No daba la impresión de que alguien merodeara por allí. A no ser que la esperaran en el apartamento o cerca, esa noche estaría segura.
Extraje la unidad de Harry y activé el teléfono de ella para oírlo por mi teléfono móvil. Silencio.
Al cabo de un minuto oí el cerrojo de la puerta, luego que se abría y cerraba. Pasos amortiguados. Luego el sonido de más pasos, de más de una persona.
Un grito ahogado.
Acto seguido, una voz masculina.
– Escuche. Escuche atentamente. No tenga miedo. Sentimos que se haya asustado. Estamos investigando un asunto de seguridad nacional. Tenemos que actuar con gran cautela. Entiéndalo, por favor.
La voz de Midori, poco más que un susurro.
– Enséñenme… enséñenme la identificación.
– No tenemos tiempo para eso. Tenemos que hacerle unas preguntas y luego nos marcharemos.
– Muéstrenme su identificación -la oí decir con voz más fuerte- o voy a empezar a hacer ruido. Y las paredes de este edificio son muy, pero que muy finas. Probablemente ahora ya me hayan oído.
El corazón me dio un vuelco. Aquella mujer tenía instinto y agallas.
– Nada de ruidos, por favor -fue la respuesta.
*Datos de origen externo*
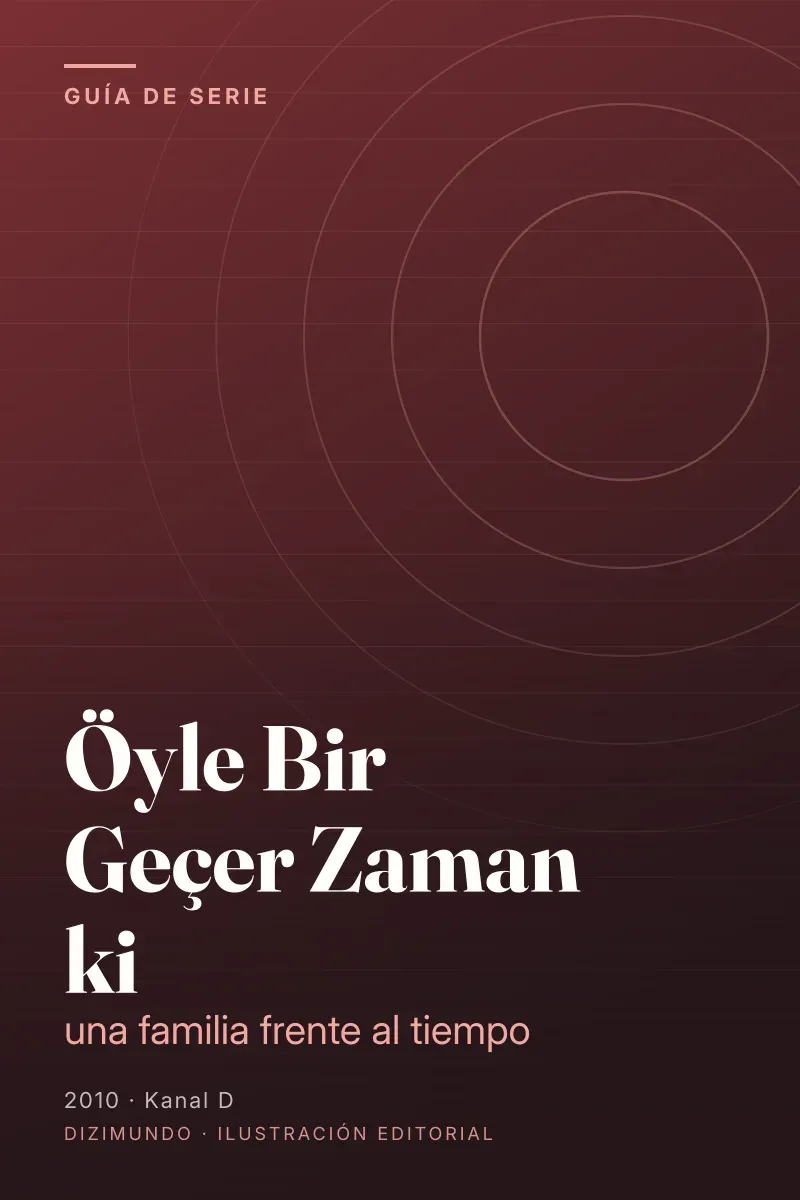 Portada editorial de DiziMundo para la guía de Öyle Bir Geçer Zaman ki, con el título en tipografía serif sobre un fondo degradado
Luego la reverberación de un buen bofetón.
Le estaban dando una paliza. Tendría que actuar.
Oí su respiración, entrecortada.
– ¿Qué coño quieren?
– Su padre llevaba algo encima cuando murió. Ahora lo tiene usted. Lo necesitamos.
– No sé de qué están hablando.
Otro bofetón. Mierda.
No podía entrar en el edificio sin llave. Aunque alguien entrara o saliera en ese preciso instante de forma que yo pudiera introducirme en el edificio, nunca conseguiría llegar hasta su apartamento para ayudarla. Quizá pudiera derribar la puerta de una patada. Y tal vez hubiera cuatro tipos armados a tres metros que me abatirían a tiros antes de estar en el interior.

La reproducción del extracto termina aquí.